4行目のUser内の' OR 'A' = 'A
がSQLインジェクションを狙ったものです。
$ curl -s \ -X POST \ -H "Content-Type: application/json" \ -d "{\"User\": \"' OR 'A' = 'A\", \"Pass\": \"secret\"}" \ ${ENDPOINT} { "message": "Forbidden" }
それらしいレスポンスが帰ってきました。
JSONのスキーマも違います。
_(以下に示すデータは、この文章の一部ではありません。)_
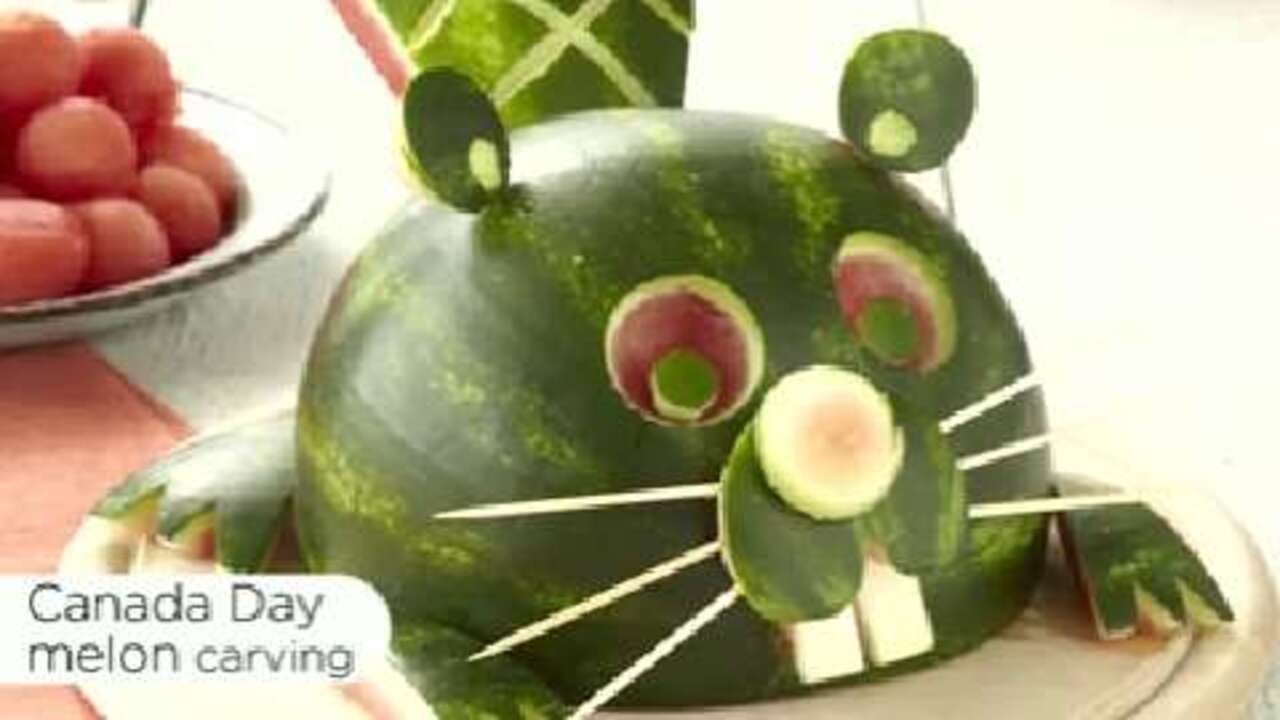 How to carve a beaver out of a watermelon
(response
フィールドがありません)
以下で詳しく見てきましょう。
攻撃を検知すると何が起きるのか
ここでいう攻撃の検知とはWAFのWeb ACLにて定義されたルールにマッチするリクエストが送られてきたということです。
今回はSQLインジェクションのパターンに一致するデータがリクエストのJSONに含まれていました。
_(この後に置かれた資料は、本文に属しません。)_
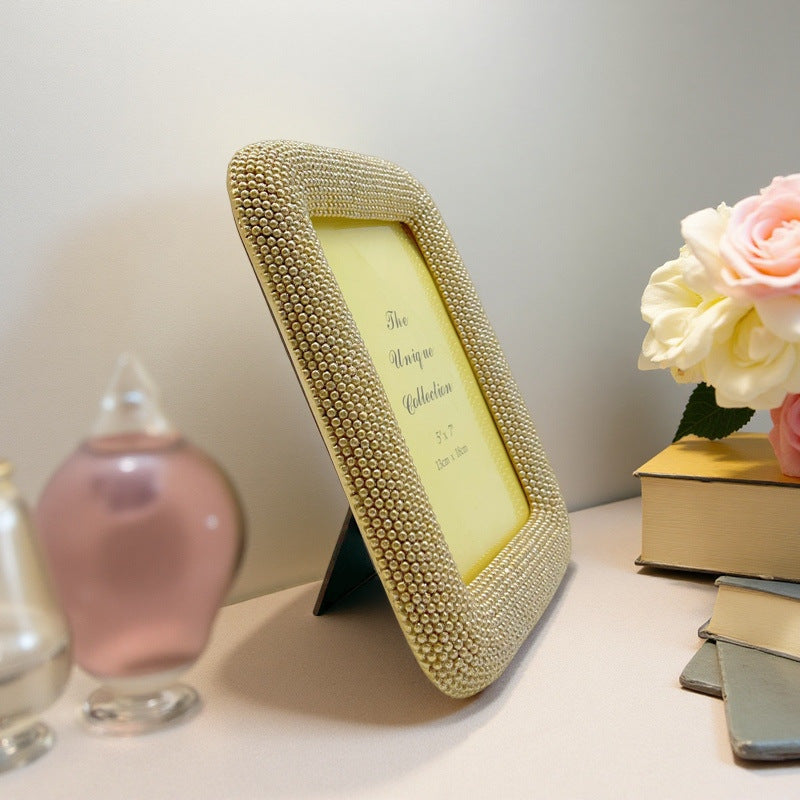 Elegant Decorative Picture Frame with Artistic Design | Kelmera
以下ではクライアント側とサービス提供者側でそれぞれ何が起きるのか確認していきます。
クライアント側
先ほどと同様のリクエストを送信し、一緒にレスポンスヘッダも表示してみます。
$ curl -s \ -X POST \ -H "Content-Type: application/json" \ -d "{\"User\": \"' OR 'A' = 'A\", \"Pass\": \"secret\"}" \ --dump-header - \ ${ENDPOINT} HTTP/2 403 content-type: application/json content-length: 23 date: XXXXX x-amzn-requestid: XXXXXXX x-amzn-errortype: ForbiddenException x-amz-apigw-id: XXXXXXX x-cache: Error from cloudfront via: 1.1 XXXXXX.cloudfront.net (CloudFront) x-amz-cf-pop: NRTXXXXX x-amz-cf-id: XXXXXX {"message":"Forbidden"}
HTTPのステータスコードは403(Forbidden)です。
またx-amzn-errortype
もForbiddenException
となっています。
これはWAFによってブロックされた結果です。
レスポンスのスキーマも変化しています。
これは今回利用しているルールAWS-AWSManagedRulesSQLiRuleSet
によって設定されているレスポンスです。
カスタムレスポンスを設定することもできますが条件があります。
今回の用途だとその条件を満たさないので、レスポンスを変えたい場合には工夫が必要です。
サービス提供者側
今回はマネージドコンソールから確認していきます。 見やすいように以下のスクリプトで不正なリクエストを予め行っておきました。
まずはOverviewの画面から見ていきます。
CloudWatchに記録されたWAFのメトリクスとSampled Requests
の二つが表示されています。
CloudWatch
AWS WAFではリクエストとそのマッチ結果をCloudWatchのメトリクスとして利用できます。 CloudWatch側で確認すると以下の6つのメトリクスが利用できるようです。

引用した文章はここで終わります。